What the exercise asks
Transcribe every line from the one containing "1035 N Monroe Blvd E, Ogden, UT 84404" to the end of the listing, exactly as written, and leave out the pictures.

Provided material
#####
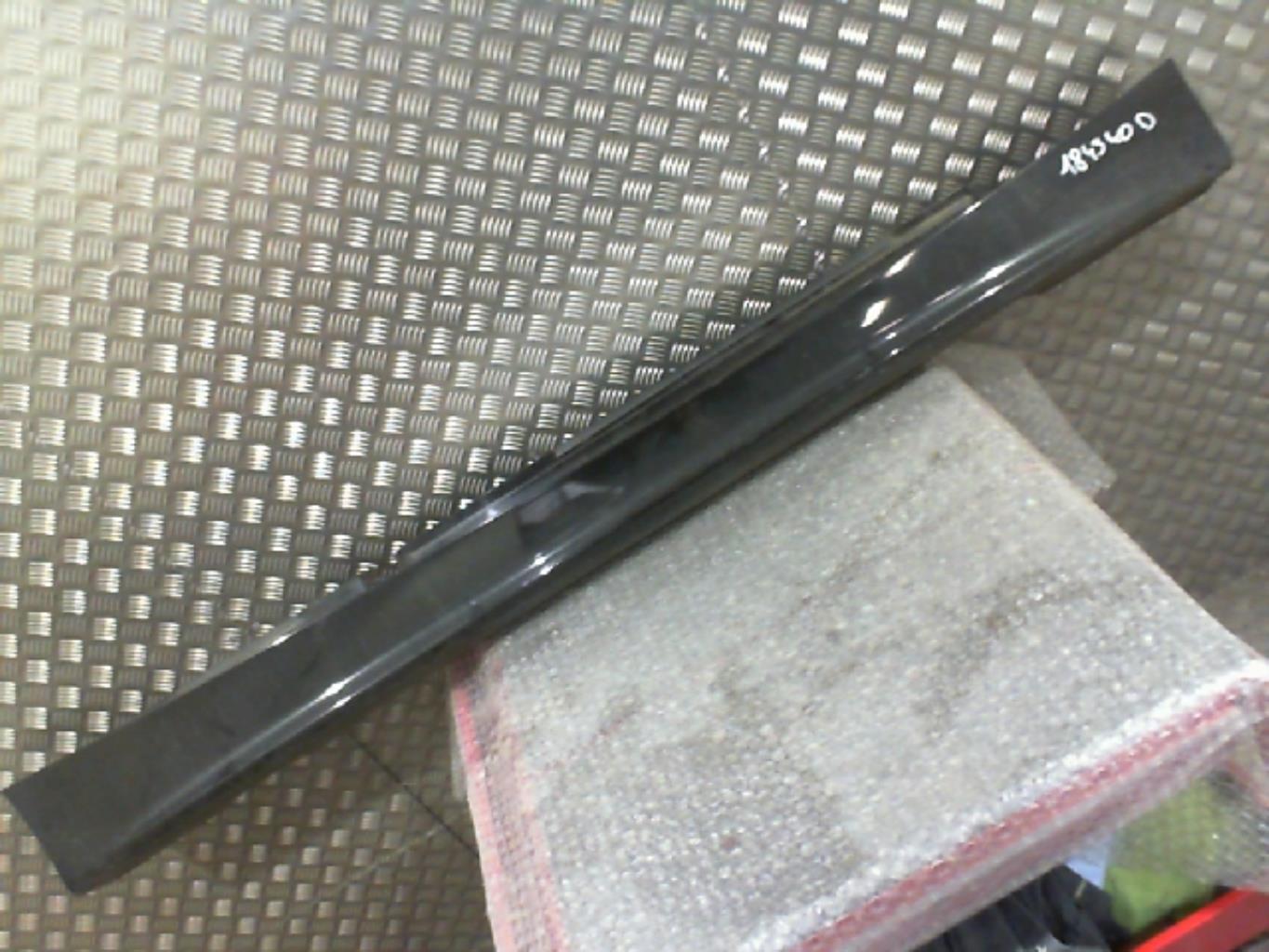 Bas de caisse droit BMW SERIE 1 E87 PHASE 1 Schwarz II (668) Diesel - 1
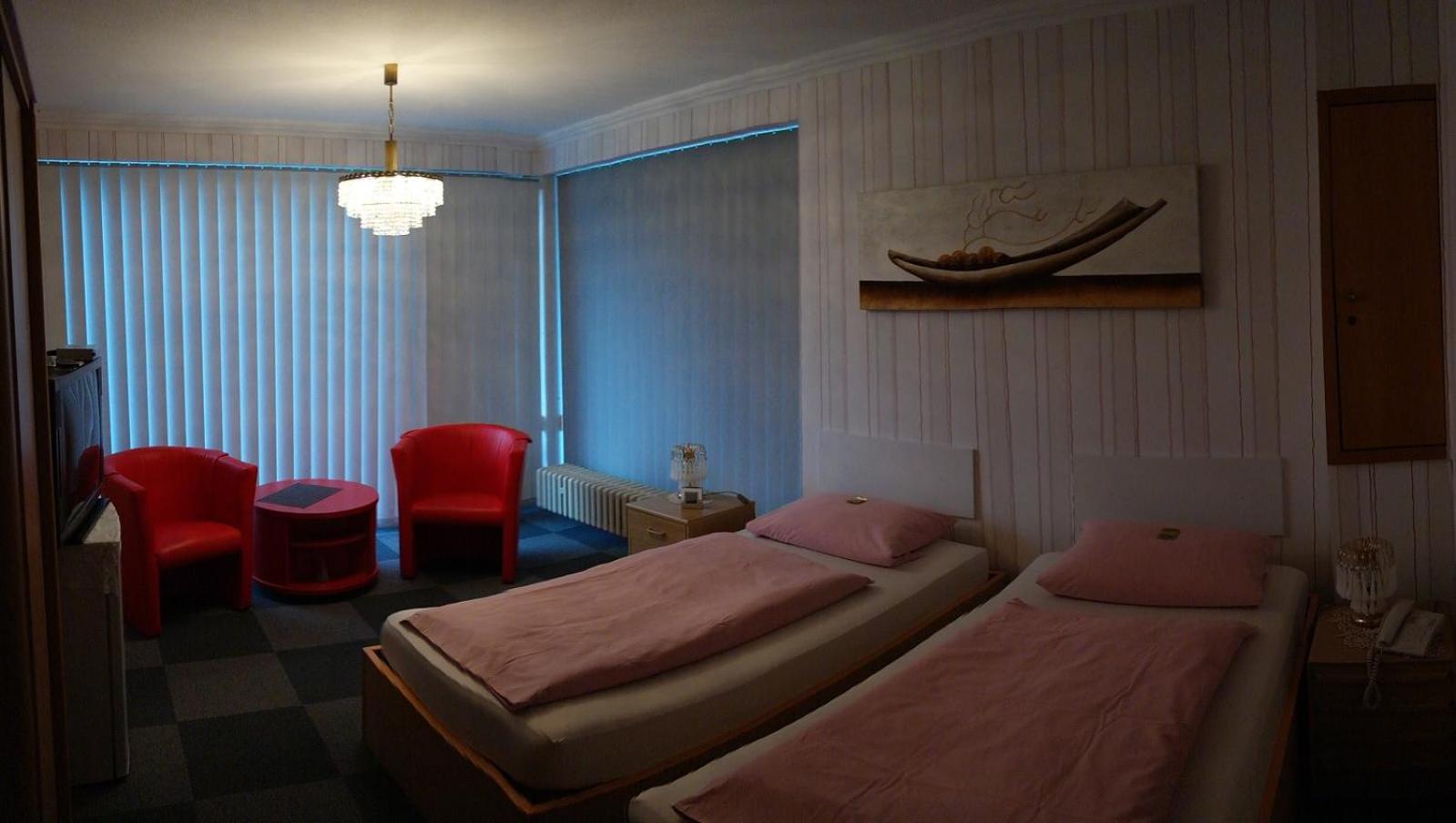 Double Room - Photo 4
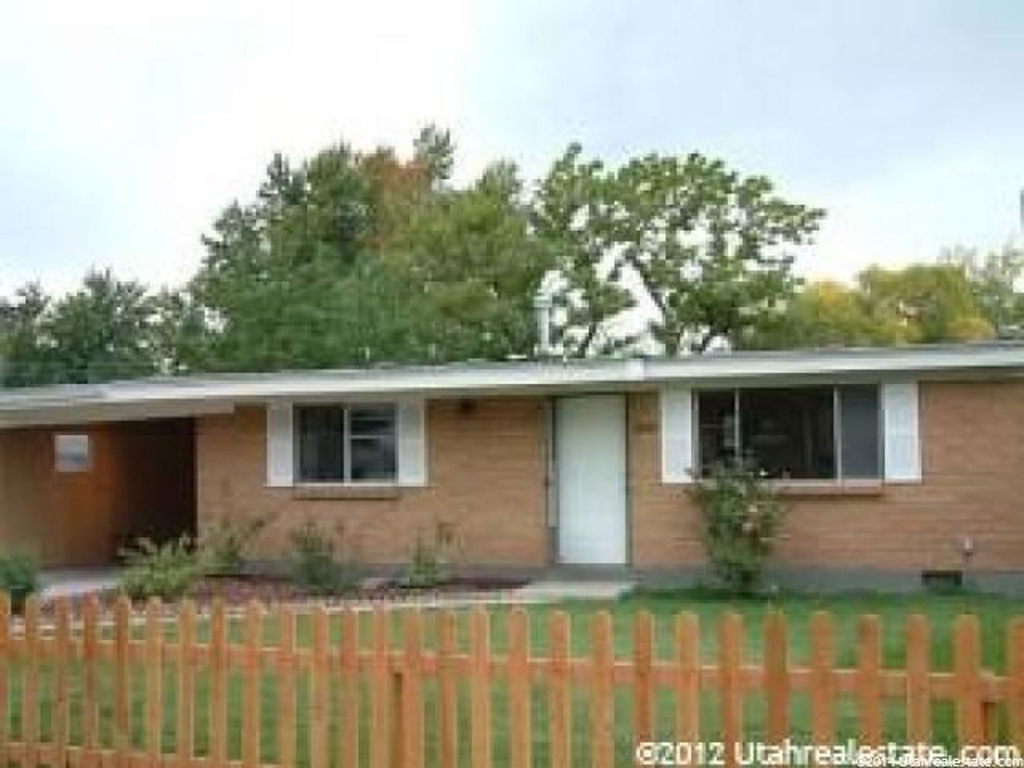1035 N Monroe Blvd E, Ogden, UT 84404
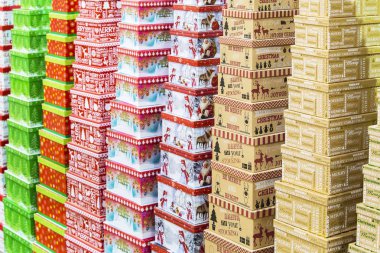 Noel hediye kutuları satırları ayakta. Arka plan doku kış hediye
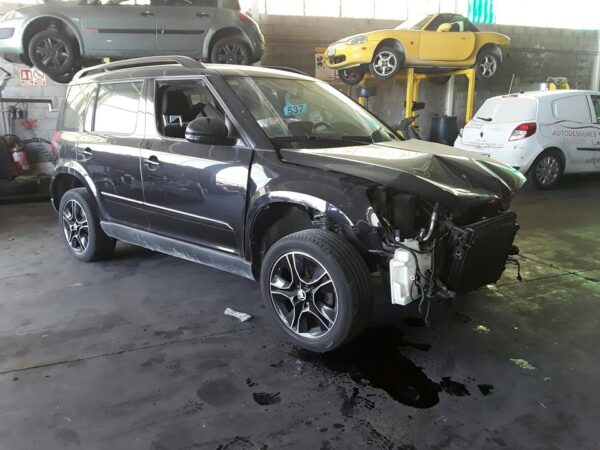 PUERTA TRASERA IZQUIERDA SKODA YETI - Imagen 3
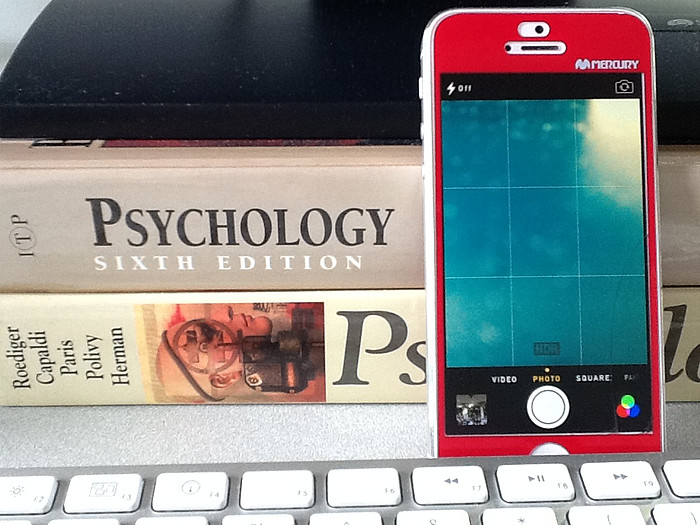 2013-09-30-iphonePsychology.jpeg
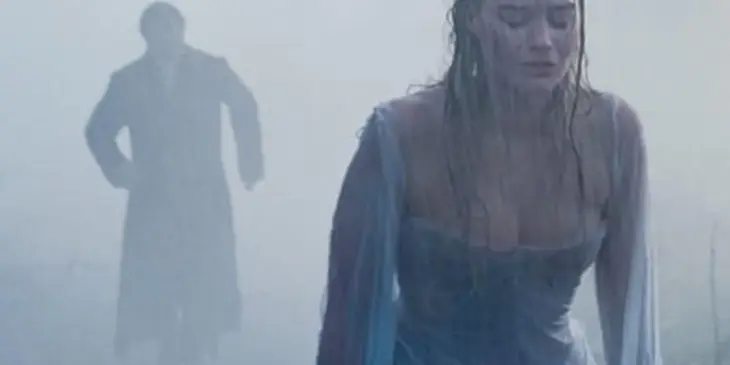 Jacob Elordi e Margot Robbie em O Morro dos Ventos Uivantes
#####
Reply
1035 N Monroe Blvd E, Ogden, UT 84404
 Noel hediye kutuları satırları ayakta. Arka plan doku kış hediye
 PUERTA TRASERA IZQUIERDA SKODA YETI - Imagen 3
 2013-09-30-iphonePsychology.jpeg
 Jacob Elordi e Margot Robbie em O Morro dos Ventos Uivantes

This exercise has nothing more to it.